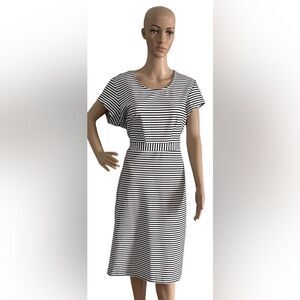 DownEaat White Black Striped Midi Dress Size XL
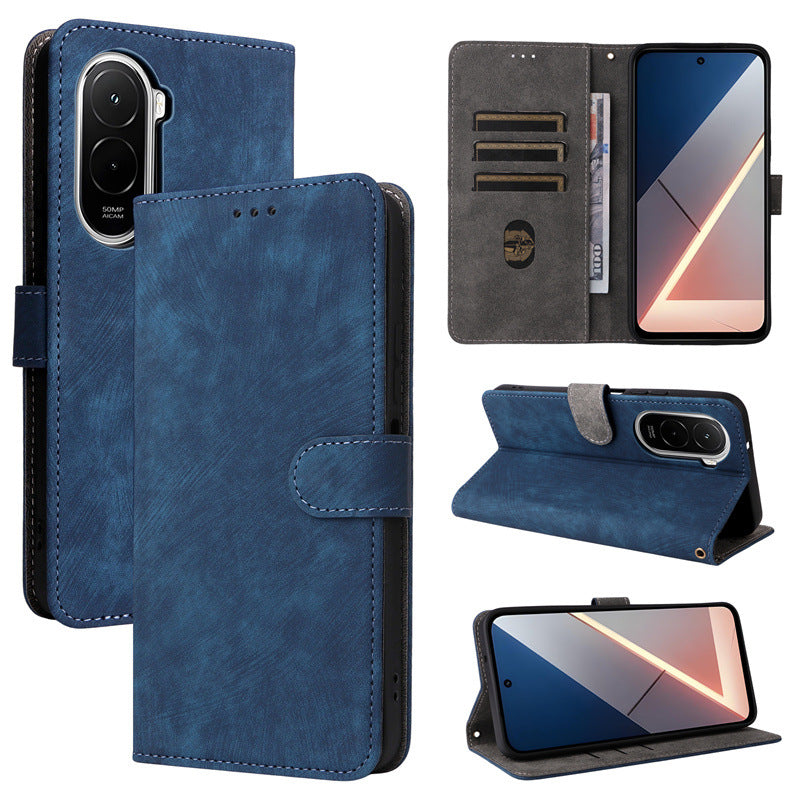 Flip Cover for Xiaomi Poco M7 4G PU Leather Phone Case [RFID Blocking] With Hand Strap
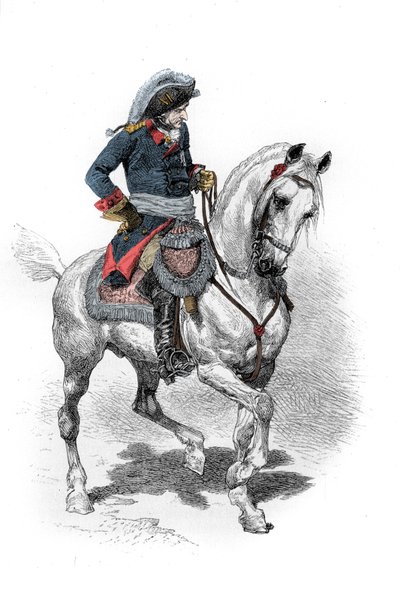 普鲁士腓特烈二世 (1712-1786) 的肖像，被称为腓特烈大帝。 19 世纪的雕刻。 . 作者 未知艺术家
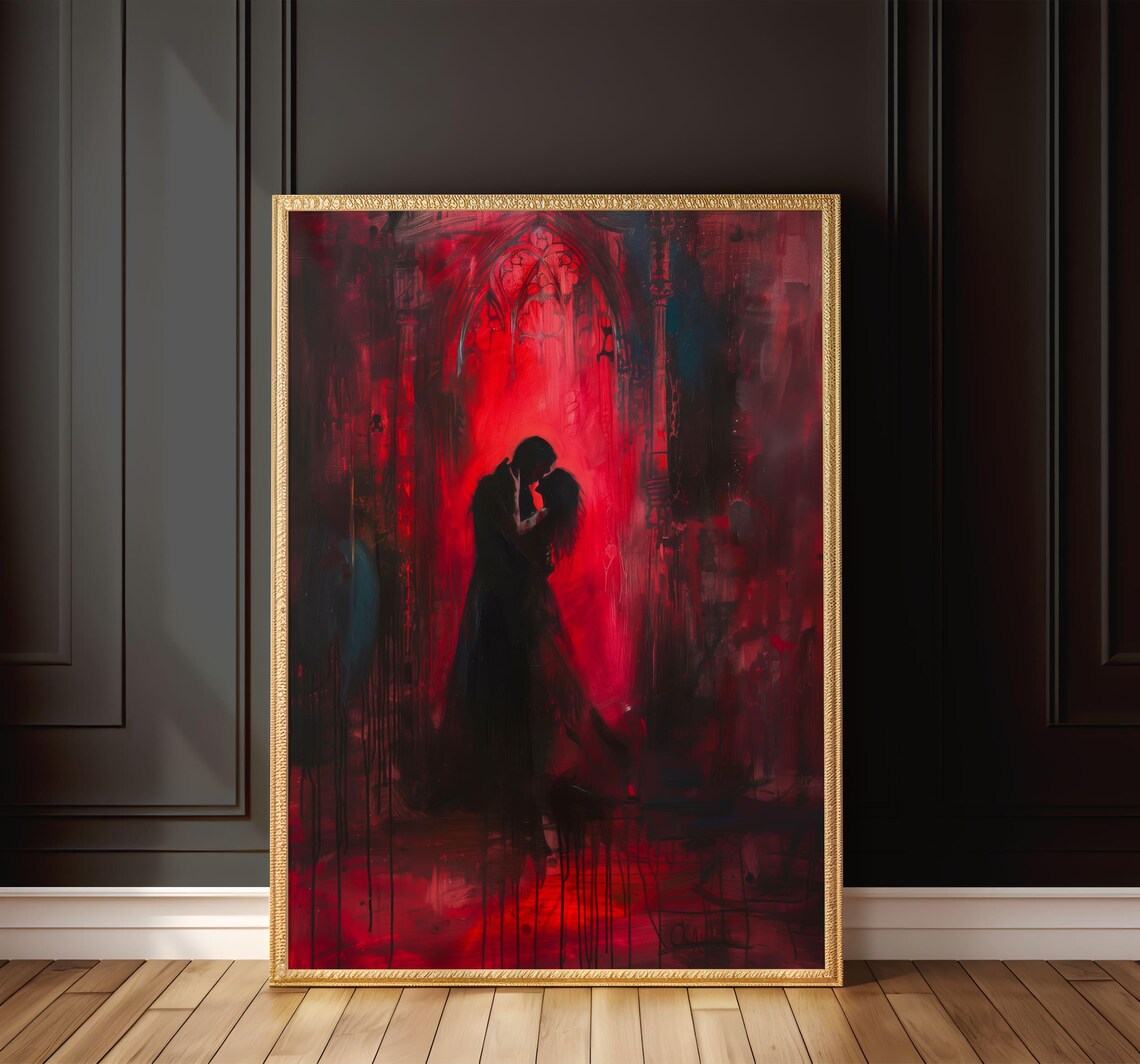 Gothic Romantic Couple Art Print, Dark Romance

++++++++++++++++++++

WHAT YOU HAVE TO DO>
Reproduce the material word for word, minus the images.

ANSWER AREA>
 DownEaat White Black Striped Midi Dress Size XL
 Flip Cover for Xiaomi Poco M7 4G PU Leather Phone Case [RFID Blocking] With Hand Strap
 普鲁士腓特烈二世 (1712-1786) 的肖像，被称为腓特烈大帝。 19 世纪的雕刻。 . 作者 未知艺术家
 Gothic Romantic Couple Art Print, Dark Romance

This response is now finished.